Auch für die Wochen der Fußballweltmeisterschaft zeigten sich die typischen wöchentlichen Abläufe. Es konnten keine erhöhten Werte für die Häufigkeit von kardiovaskulären Ereignissen an Spieltagen oder dem Tag nach Spielen fest gestellt werden. Vielmehr ergab sich sogar ein signifikant niedrigeres Auftreten von Ereignissen an Tagen mit Spielen deutscher Beteiligung (standardisiertes Inzidenzverhältnis von 0,85; 0,95% Konfidenzintervall: 0,727-0,988). Dies bedeutet, dass nur 85% der zu erwartenden Krankheitsfälle auftraten. Die roten Punkte 1 bis 7 auf der Abbildung zeigen die entsprechenden Spieltage an. Punkt 8 zeigt das Endspiel. Die gelben Punkte markieren jeweils den Montag, an dem im langfristigen Mittel eine höhere Rate an Ereignissen bereits als gesichert gilt.Diskussion
Hohe oder niedrige Raten an kardiovaskulären Ereignissen im Verlauf der Fußballweltmeisterschaft können mit den üblichen Schwankungen im Wochenverlauf erklärt werden. Im Durchschnitt traten an Tagen mit deutscher Beteiligung sogar weniger Ereignisse als erwartbar auf. Weshalb aber traten nun im Raum München bei der Fussballweltmeisterschaft 2006 dennoch gehäuft kardiovaskuläre Ereignisse auf (1)?Mehrere Begründungen sind möglich:
• Erstens wurden dort zwei der Spiele unmittelbar vor Ort ausgetragen, was zu höherer innerer Beteiligung der dortigen Wohnbevölkerung führen kann.

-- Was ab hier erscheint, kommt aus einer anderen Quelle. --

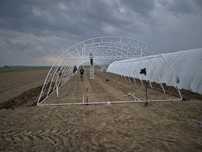 Tunel foliowy ogrodniczy wzmacniany 7x30
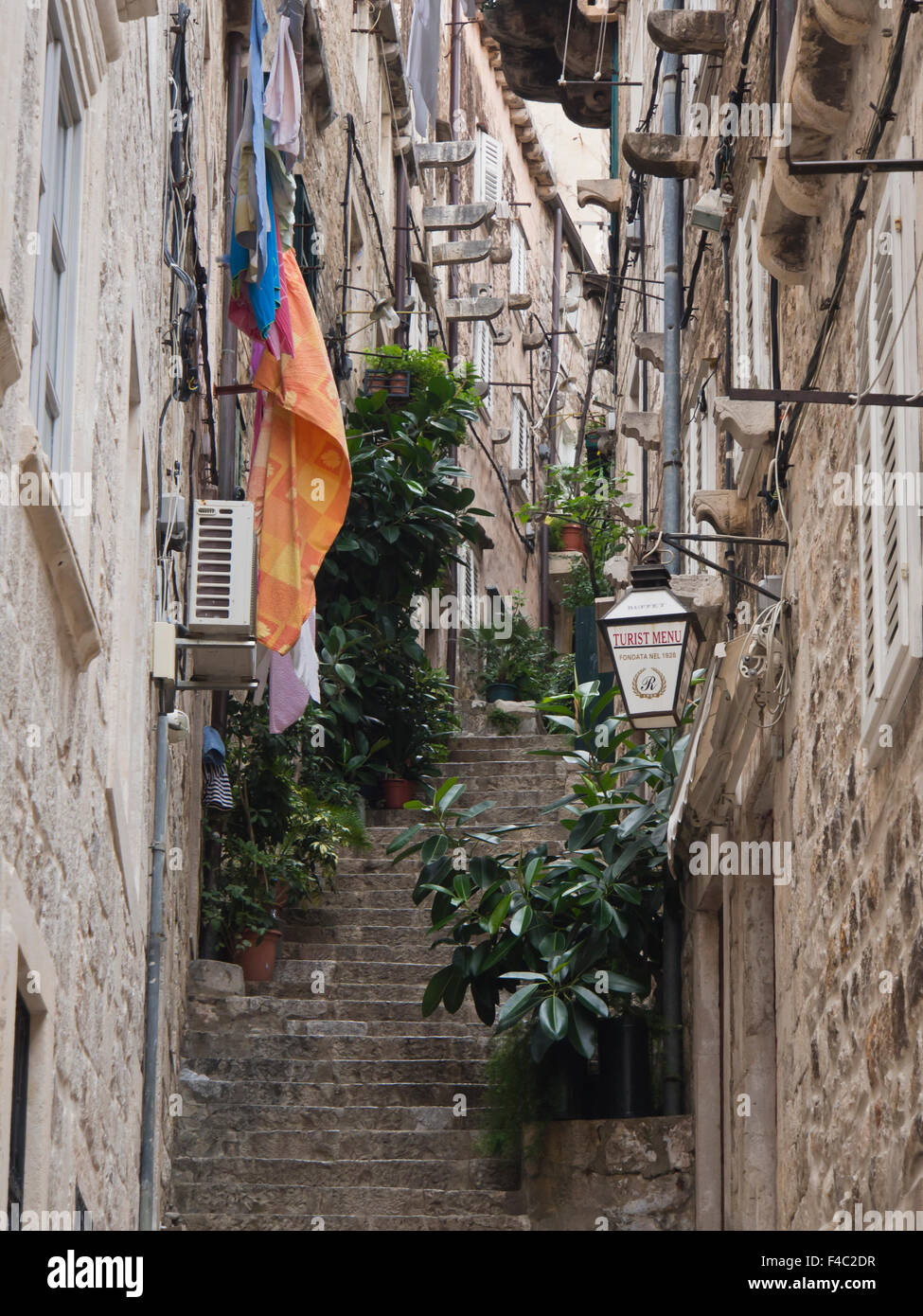 Dubrovnik Kroatien, ist die Altstadt "Stari Grad" voll von Straßen, Gassen und Treppen zum malerischen Unesco Weltkulturerbe Stockfoto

• Zweitens sollte geprüft werden, ob die einbezogenen Studienzentren eventuell nicht repräsentativ waren, da sie während der Spieltage womöglich Arbeitslast von anderen Behandlungszentren übernehmen mussten.
• Drittens schließlich kann es sein, dass die Münchner Wohnbevölkerung besonders anfällig ist für kardiovaskuläre Ereignisse bei spannungsgeladenen Verläufen von Fußballspielen. Ein überregionaler Fußballverein, welcher in der Stadt München beheimatet ist, gewann 6 von 10 Meisterschaften der Fußballbundesliga in der Dekade vor der Weltmeisterschaft 2006. Der dortigen Bevölkerung kann daher ein spannungs-geladener Spielverlauf, bei dem der Sieg nicht unmittelbar absehbar ist, besonders zusetzen. Die Übertragbarkeit der Ergebnisse aus München auf ganz Deutschland ist daher insgesamt fraglich. Für die deutsche Gesamtbevölkerung außerhalb der Region München besteht kaum ein erhöhtes Risiko für kardiovaskuläre Ereignisse durch spannungsgeladene Sportveranstaltungen. Zuschauer in der Region München sollten jedoch eventuell Spiele nicht verfolgen, sofern es spannend wird.
Der listige Ewald
PS: Nur für Jan von Liv hier noch die Referenzen für die eventuell notwendige Tiefen-Recherche:
Referenzen
(1) Wilbert-Lampen U, Leistner D, Greven S, Pohl T, Sper S, Völker C, Güthlin D, Plasse A, Knez A, Küchenhoff H, Steinbeck G. Cardiovascular events during World Cup soccer. NEngl J Med. 2008;358:475-83.
(2) Willich SN, Löwel H, Lewis M, Hörmann A, Arntz HR, Keil U. Weekly variation of acute myocardial infarction. Increased Monday risk in the working population. Circulation. 1994;90:87-93.
(3) Van der Palen J, Doggen CJ, Beaglehole R. Variation in the time and day of onset of myocardial infarction and sudden death. N Z Med J. 1995;108:332-4.
(4) Kostis WJ, Demissie K, Marcella SW, Shao YH, Wilson AC, Moreyra AE; Myocardial Infarction Data Acquisition System (MIDAS 10) Study Group. Weekend versus weekday admission and mortality from myocardial infarction. N Engl J Med. 2007;356:1099-109.